Let's say I have a set of data (x=times,y=observation)
that have multiple gaps in time. Whatever is the data trend, let's assume it linear for this discussion. During the gaps in time, there is a decay that makes data deviate from the purely linear trend, until observations start again and the linear trend is recovered. There are multiple gaps in time, but in this example I have reported only the shortest snap to illustrate the problem. The gaps in time are times between the (positive) linear trends where there are no observations available, therefore the difference between consecutive x=times
is (much) larger than, let's say, the average. I want to model the decay as part of the function (y_decay = C -D*x
)
from scipy.optimize import curve_fit
import matplotlib.pyplot as plt
def f(x, A, B, C, D):
line = A*x + B if ((x>=1) & (x<=3) | (x>=5) & (x<=9) | (x>=23) & (x<=25)) else C-D*x
return line
x=[1,2,3, 12,13,14, 23,24,25]
y=[2,4,6, 5, 7, 9, 8, 10,12]
popt, pcov = curve_fit(f, x, y)
figure = plt.figure(figsize=(5.15, 5.15))
figure.clf()
plot = plt.subplot(111)
ax1 = plt.gca()
plot.scatter(x,y)
plt.show()
How do I model the decay
variable as part of the function and obtain its best-fit value?
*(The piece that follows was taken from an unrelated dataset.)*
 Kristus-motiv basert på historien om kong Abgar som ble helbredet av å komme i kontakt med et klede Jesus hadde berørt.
With full periodicity I'd do something like this:
import matplotlib.pyplot as plt
import numpy as np
from scipy.optimize import leastsq
def data_func( x, x0, a, bc, off, p1, p2):
"""
fit function that uses modulus to get periodicity
two linear functions are combines piecewise by boxing them
using the heaviside function with the periodic input
over all slope is added.
Note that the "decay" part maybe positive with this solution.
"""
P1 = abs(p1)
P2 = abs(p2)
X = x - x0
P= P1 + P2
mod = X % P
y0 = a * P1
beta = y0 * P / P2
slope = y0 / P2
box1 = np.heaviside( +np.abs( ( X - P1 / 2. ) % P - 0.5 * P ) - 0.5 * P2, .5 )
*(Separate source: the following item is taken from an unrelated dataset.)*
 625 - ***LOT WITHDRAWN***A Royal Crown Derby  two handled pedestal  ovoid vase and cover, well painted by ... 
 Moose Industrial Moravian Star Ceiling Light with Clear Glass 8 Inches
box2 = np.heaviside( -np.abs( ( X - P1 / 2. ) % P - 0.5 * P ) + 0.5 * P2, .5 )
out = a * mod * box1
out += (beta - slope * mod )* box2
out += off + bc * X
return out
def residuals( params, xl ,yl ):
x0, a, bc, off, p1, p2 = params
diff = np.fromiter( ( y - data_func( x, x0, a, bc, off, p1, p2 ) for x, y in zip( xl, yl ) ), np.float )
return diff
theOff = 0.7
theP1= 1.8869
theP2 = 5.21163
theP = theP1 + theP2
xdata = np.linspace(-1, 26, 51 )
xdata = np.fromiter( ( x for x in xdata if (x-theOff)%theP <= theP1 ),np.float )
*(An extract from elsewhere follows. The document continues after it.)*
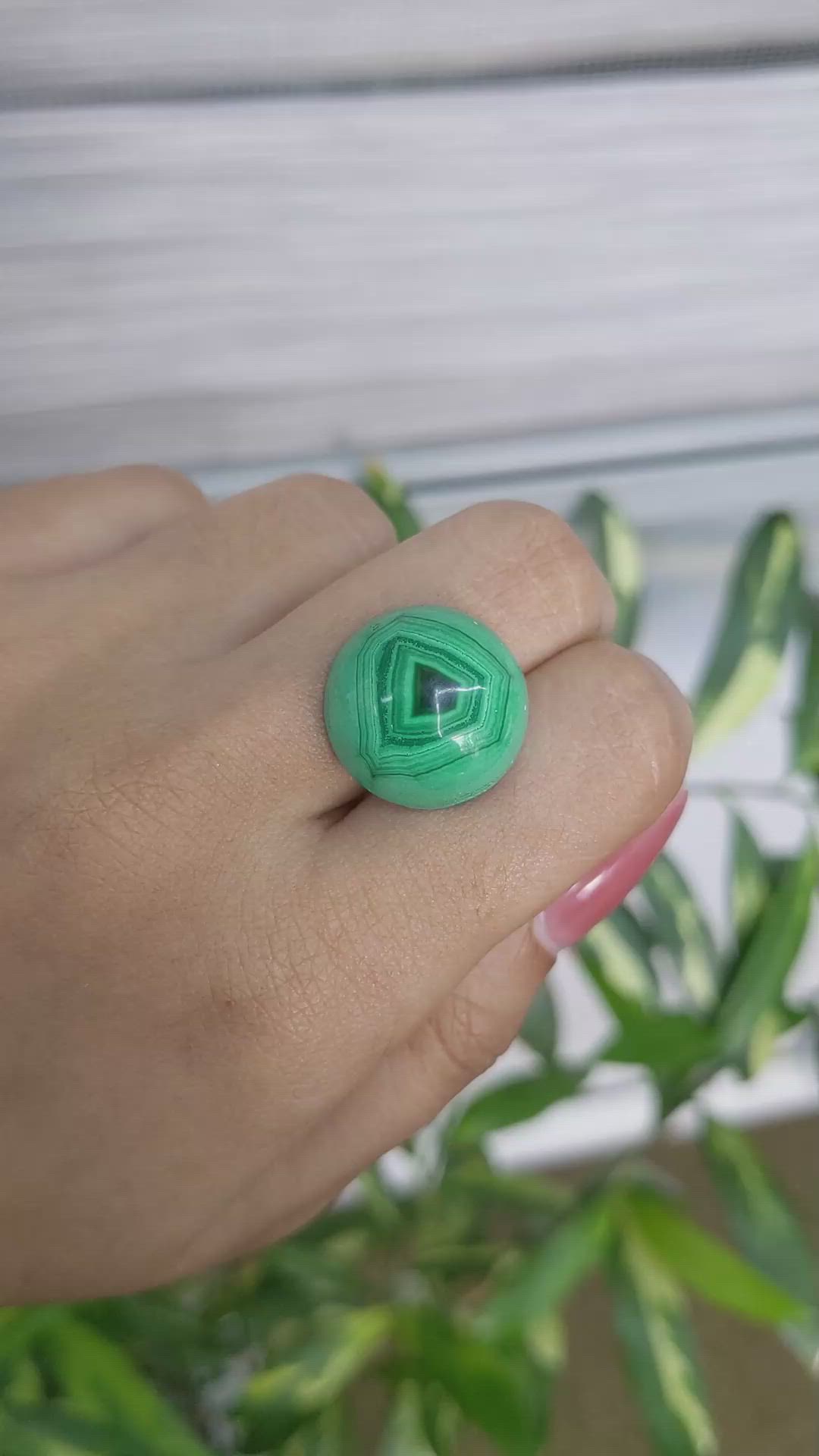 28.70 Ct. Cabochon Malachite from Russia Size Video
ydata = np.fromiter( ( data_func( x, theOff, .6, .1, 17, theP1, theP2) for x in xdata ),np.float )
tl = np.linspace(-1, 26, 150 )
yl = np.fromiter( ( data_func( x, theOff, .6, .1, 17, theP1, theP2) for x in tl ),np.float )
guess= [0, 0.55, .1, 16 , 2, 5 ]
sol, err = leastsq( residuals, guess, args = ( xdata, ydata ) )
print sol
### getting the real slopes out of the data
s1 = sol[1]+ sol[2]
s2 = - sol[1] * sol[4] / sol[5] + sol[2]
print "real slope1 = {}".format( s1 )
print "real slope2 = {}".format( s2 )
fit = np.fromiter( ( data_func( x, *sol ) for x in tl ),np.float )
fig = plt.figure()
ax = fig.add_subplot( 1, 1, 1 )
### original data
ax.plot( tl, yl, ls='--')
ax.plot( xdata, ydata, ls='', marker='+')
### fit
ax.plot( tl, fit )
### check the slopes
short = np.linspace(0, 3, 3)
ax.plot( short, [ 17 + s1 * s for s in short ] )
short = np.linspace(3, 10, 3)
ax.plot( short, [ 18 + s2 * s for s in short ] )
ax.grid()
plt.show()
which gives:
>> [ 0.39352332 0.59149625 0.10850375 16.78546632 1.85009228 5.35049099]
>> real slope1 = 0.7
>> real slope2 = -0.0960237685357
and
Naturally, the lack of information in the gaps results in a rather bad fit of the slope there. As a consequence there is an according error in the periodicity. If that would be known, the accuracy would increase of course.
You need a reasonable good guess for the starting parameters!